Tuesday, July 29, 2014

Skymark's Airbus A380 order in jeopardy.

On July 29th, Airbus announced that they had terminated Skymark Airlines' (BC/SKY) order for six Airbus A380s, just hours after Japan's third largest airline reported it was locked in tough negotiations with the European manufacturer to amend the order.

The first aircraft has already completed its first flight (Skymark's first Airbus A380 completes maiden flight.) and was planned for delivery in October or November this year, though a 2.5-to-six-month delay was announced in June (Skymark's Airbus A380 to be delayed up to six months.) due to interior components not meeting required specifications and needing a redesign. Skymark originally planned to launch super-jumbo operations between Tokyo/Narita (NRT/RJAA) and New York/John F. Kennedy (JFK/KJFK) as early as December in an all-premium 394-seat layout, including 114 business class and 280 premium economy seats.
Airbus A380-841 F-WWSL/JA380A is now unlikely to be delivered to Skymark. (Photo: Airbus)

"Our economic and business environment has become severe due to the depreciated yen and harsh competition, and we have to change the direction of this project," President and CEO Shinichi Nishikubo said, revealing talks to amend the contract had been underway since April, but "have not been making good progress." Mr. Nishikubo told that Airbus is demanding that the carrier join a larger airline group as a condition for making any changes, and should they refuse, the European manufacturer would request "outrageous cancellation penalties beyond the realm of common sense."

NHK, Japan's national public broadcaster, reports the figure is around 70 billion JPY, though Skymark declined to comment.

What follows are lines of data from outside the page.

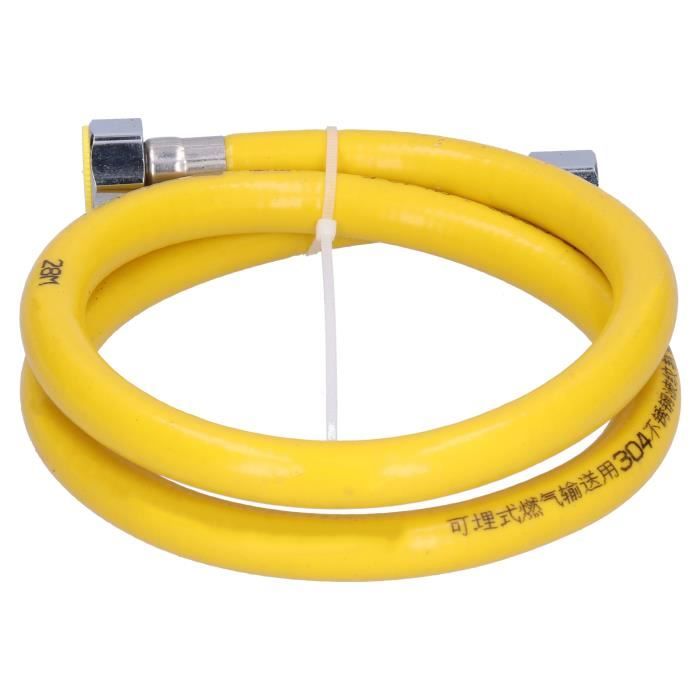 Tuyau Flexible Gaz Acier Inoxydable 304 - 1 Mètre Avec Raccords - Pour Cuisinière Gaz, Chauffe-eau - Installation Facile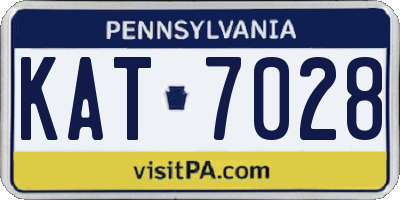 PA license plate KAT7028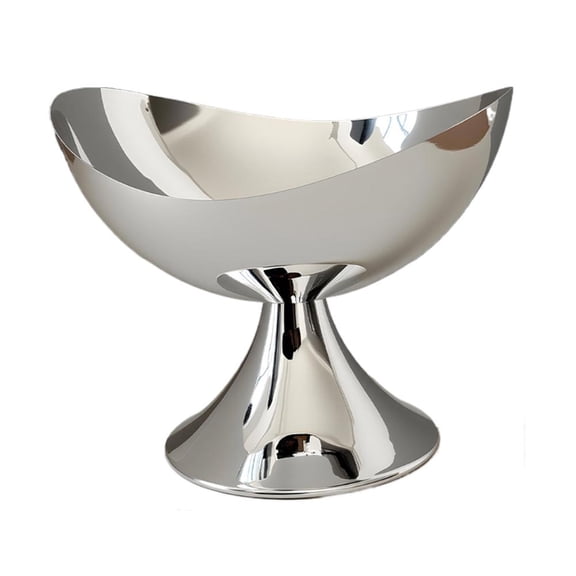 Electroplated Silver Decorative Tray, Wavy Wrought Iron Centerpiece Bowl for Entryway & Dining Table, Robust Metal Storage Organizer for Keys & Fruits, Moon Shape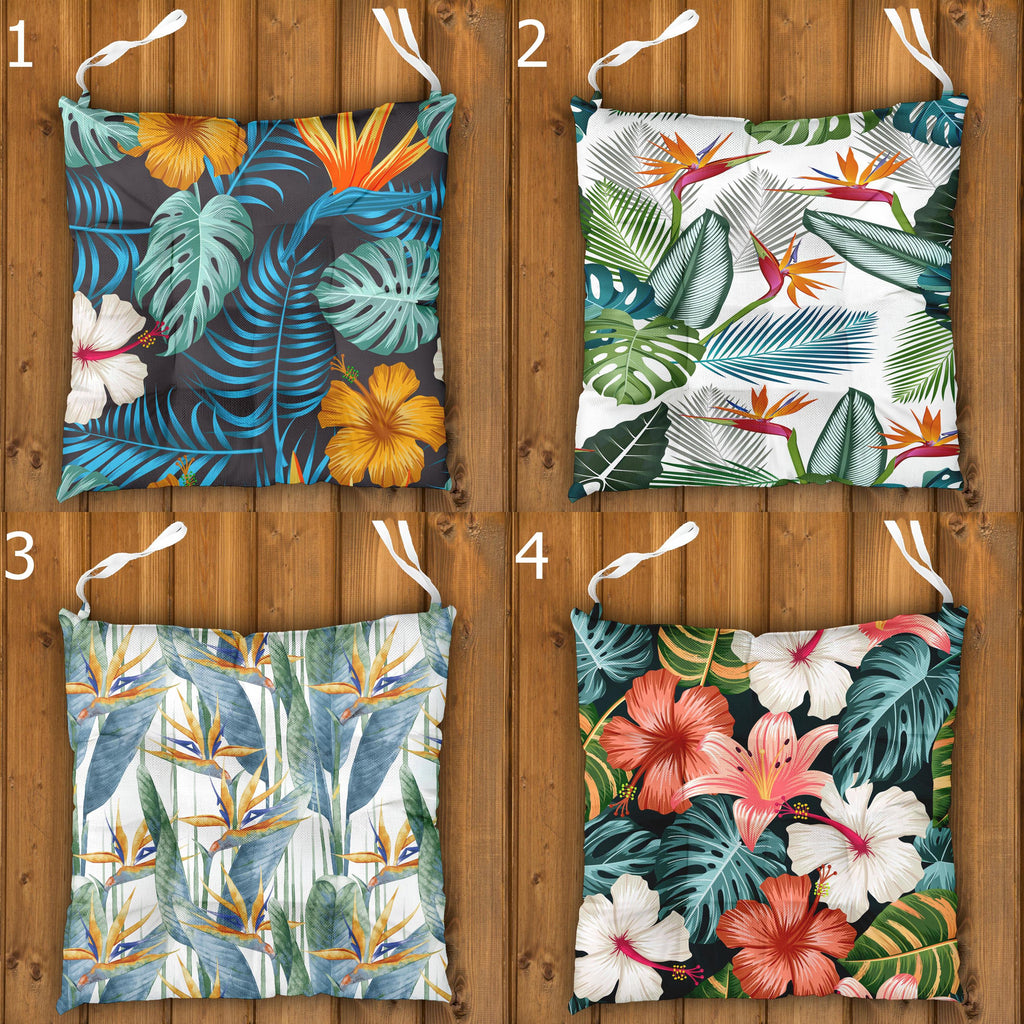 Tropical Chair Cushions, Botanical Hawaiian Seat Pads with Standard, Waterproof & Linen Fabric Options – Outdoor Patio Tie-On Chair Pads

This may be in addition to the 26.5 billion JPY that the airline has already deposited; 7 billion JPY each for the first two machines and 12.5 billion JPY for the remaining four. For the six airframes, Skymark had calculated the acquisition cost to total 191.6 billion JPY as of May. With the first already complete except for the interior and their second almost there, Skymark would need to pay a hefty fine. These have been tailored to the airline's specifications, so it would be difficult for Airbus to re-sell them without an expensive modification, which would obviously be included in the penalty.

Mr. Nishikubo went on to say "Skymark has been contributing to the Japanese aviation industry throughout its history by offering reasonable airfares, resulting in the conservative or bureaucratic industry becoming very competitive. We take great pride that we have been independent without the help of any major carriers, which has enabled us to change the industry significantly. We definitely cannot accept their forceful way of negotiations that threatens our independent business management," adding "It is absolutely unthinkable for us to become a subsidiary of any major airline."
Skymark's President and CEO Shinichi Nishikubo at today's press conference. (Photo: Aviation Wire)

Hours later, the planemaker denied Skymark's claims and said in a press release "Following discussions with Skymark and in light of the airline's expressed intentions in respect of the A380, Airbus has in accordance with its contractual rights, notified Skymark that the purchase order for the six A380s signed in 2011 has been terminated," adding "Airbus is reserving all its rights and remedies," probably implying they are prepared to take legal action.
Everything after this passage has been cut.